Demonetization of High Denomination Currency Notes and Its Impact on the Indian Economy


On November 8th, 2016, Government of India announced its decision to demonetize or ban old currency notes of INR 500 and INR 1,000 in circulation. This move was taken to curb “black money and counterfeit notes used by terrorist organizations for illegitimate activities” in the economy. These two currency notes account for 86% of all the currency in circulation.

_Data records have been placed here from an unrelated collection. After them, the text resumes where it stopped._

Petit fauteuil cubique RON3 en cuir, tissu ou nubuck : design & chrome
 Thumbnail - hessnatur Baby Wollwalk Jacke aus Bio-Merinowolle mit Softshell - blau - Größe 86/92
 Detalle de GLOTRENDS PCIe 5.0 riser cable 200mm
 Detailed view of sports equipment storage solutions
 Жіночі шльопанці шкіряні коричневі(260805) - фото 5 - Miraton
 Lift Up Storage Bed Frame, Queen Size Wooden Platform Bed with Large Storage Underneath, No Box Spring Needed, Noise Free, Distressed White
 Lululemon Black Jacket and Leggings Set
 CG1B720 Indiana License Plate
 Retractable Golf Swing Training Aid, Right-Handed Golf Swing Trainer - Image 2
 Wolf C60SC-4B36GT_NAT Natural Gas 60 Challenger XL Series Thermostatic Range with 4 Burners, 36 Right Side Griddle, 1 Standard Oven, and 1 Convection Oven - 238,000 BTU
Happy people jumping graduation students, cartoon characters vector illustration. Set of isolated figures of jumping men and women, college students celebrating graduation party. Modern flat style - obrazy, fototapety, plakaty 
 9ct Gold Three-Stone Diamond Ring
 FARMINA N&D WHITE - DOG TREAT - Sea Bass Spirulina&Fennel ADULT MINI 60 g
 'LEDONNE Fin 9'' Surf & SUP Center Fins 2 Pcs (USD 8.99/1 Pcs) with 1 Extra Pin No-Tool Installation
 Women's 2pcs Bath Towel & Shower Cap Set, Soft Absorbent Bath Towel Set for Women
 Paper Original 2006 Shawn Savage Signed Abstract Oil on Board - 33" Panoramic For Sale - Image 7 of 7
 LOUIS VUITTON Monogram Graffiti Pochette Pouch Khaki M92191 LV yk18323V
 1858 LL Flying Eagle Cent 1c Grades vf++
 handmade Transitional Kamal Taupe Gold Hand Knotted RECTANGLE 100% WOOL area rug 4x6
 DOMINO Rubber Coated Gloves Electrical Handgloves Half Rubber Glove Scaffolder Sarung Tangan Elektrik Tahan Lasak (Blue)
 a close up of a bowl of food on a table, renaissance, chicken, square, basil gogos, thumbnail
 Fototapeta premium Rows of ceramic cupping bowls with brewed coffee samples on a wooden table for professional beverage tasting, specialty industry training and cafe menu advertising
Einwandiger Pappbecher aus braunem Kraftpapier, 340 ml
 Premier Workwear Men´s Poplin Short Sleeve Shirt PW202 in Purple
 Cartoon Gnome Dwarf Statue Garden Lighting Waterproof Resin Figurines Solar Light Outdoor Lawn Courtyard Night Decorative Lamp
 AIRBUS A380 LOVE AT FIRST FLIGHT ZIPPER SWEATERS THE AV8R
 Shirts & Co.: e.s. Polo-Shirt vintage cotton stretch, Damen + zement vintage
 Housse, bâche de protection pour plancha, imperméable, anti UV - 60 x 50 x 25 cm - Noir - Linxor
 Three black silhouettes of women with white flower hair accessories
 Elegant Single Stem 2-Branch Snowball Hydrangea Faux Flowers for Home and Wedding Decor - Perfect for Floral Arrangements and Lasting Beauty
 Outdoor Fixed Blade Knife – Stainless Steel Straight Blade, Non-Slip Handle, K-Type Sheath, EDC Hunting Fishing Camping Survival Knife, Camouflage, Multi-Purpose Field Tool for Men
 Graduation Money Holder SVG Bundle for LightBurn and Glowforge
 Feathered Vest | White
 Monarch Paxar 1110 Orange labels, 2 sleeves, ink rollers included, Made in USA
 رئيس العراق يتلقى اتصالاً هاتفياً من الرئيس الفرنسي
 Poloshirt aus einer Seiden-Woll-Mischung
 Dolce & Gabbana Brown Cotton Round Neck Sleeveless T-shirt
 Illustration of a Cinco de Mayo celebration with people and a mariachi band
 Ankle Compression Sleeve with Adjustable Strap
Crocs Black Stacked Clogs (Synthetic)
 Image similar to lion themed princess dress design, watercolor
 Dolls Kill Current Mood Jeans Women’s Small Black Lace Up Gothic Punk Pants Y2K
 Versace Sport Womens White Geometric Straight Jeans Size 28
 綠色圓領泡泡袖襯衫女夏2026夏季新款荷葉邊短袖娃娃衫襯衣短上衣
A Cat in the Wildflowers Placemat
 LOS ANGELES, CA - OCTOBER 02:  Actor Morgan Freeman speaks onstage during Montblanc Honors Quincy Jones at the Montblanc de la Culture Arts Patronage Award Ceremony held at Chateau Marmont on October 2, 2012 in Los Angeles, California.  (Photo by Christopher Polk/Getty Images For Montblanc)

The move to demonetize High Denomination Currency notes has massively impacted lives of almost every Indian according to the market info. This has also hampered the economic activities around the country. A recent report from Deutsche Bank estimates that Indian real GDP growth is likely to slow down to 6.5% in the current fiscal year due to demonetization. Major implications of this demonetization are mentioned below:

Cash-less Economy

India is predominantly a “cash-based” economy, with 98% of all consumer transactions conducted in cash, in terms of volume, and over 85% of workers receiving their wages in cash. This move is also expected to propagate the notion of “Digital India” mission undertaken by government to make transition smoother from a cash-based economy to a “cash-less” economy.

Increasing Tax Revenue

In addition, India is essentially a very poor nation in international standards with annual per capita GDP of below US$1,600 in 2015, as data from World Bank suggests. By forcing people with illegal cash holdings to deposit such cash holdings into bank accounts and pay taxes is intended to increase tax revenue to the government. These tax revenues can then be utilized to finance better public infrastructure as well as other social welfare programs for the poorest sections of the society.

Effectiveness of the Move

Former RBI Governor, Raghuram Rajan, had pointed out during a conference in 2014 that demonetization has limited positive effects. He also mentioned that it would be helpful for the Indian economy to have a better tax regime to achieve positive long run sustainable effects.

For its direct implications, this decision by the Indian government is intended to curb out the black money in circulation. This will only affect unaccounted cash that is held in cash. That is, it will not have any impact on the black money that is held in the form of assets such as gold or property, and foreign currency denominations. In addition, this will have minimal effect on lowering the corruption or to increase the tax revenue in the long run.


This demonization program is expected to help government to tackle black money and counterfeited currency notes in the economy, but only to some degree according to market research. This program is expected to bring positive impact for the Indian economy, including lowering interest rates, lowering inflation in the medium run, and higher taxation revenue in the short run, and reduced tax burden. However, the Indian government will need to work on several other transparent policies and a better tax system to achieve its goals of rooting out black money and eventually the parallel economy.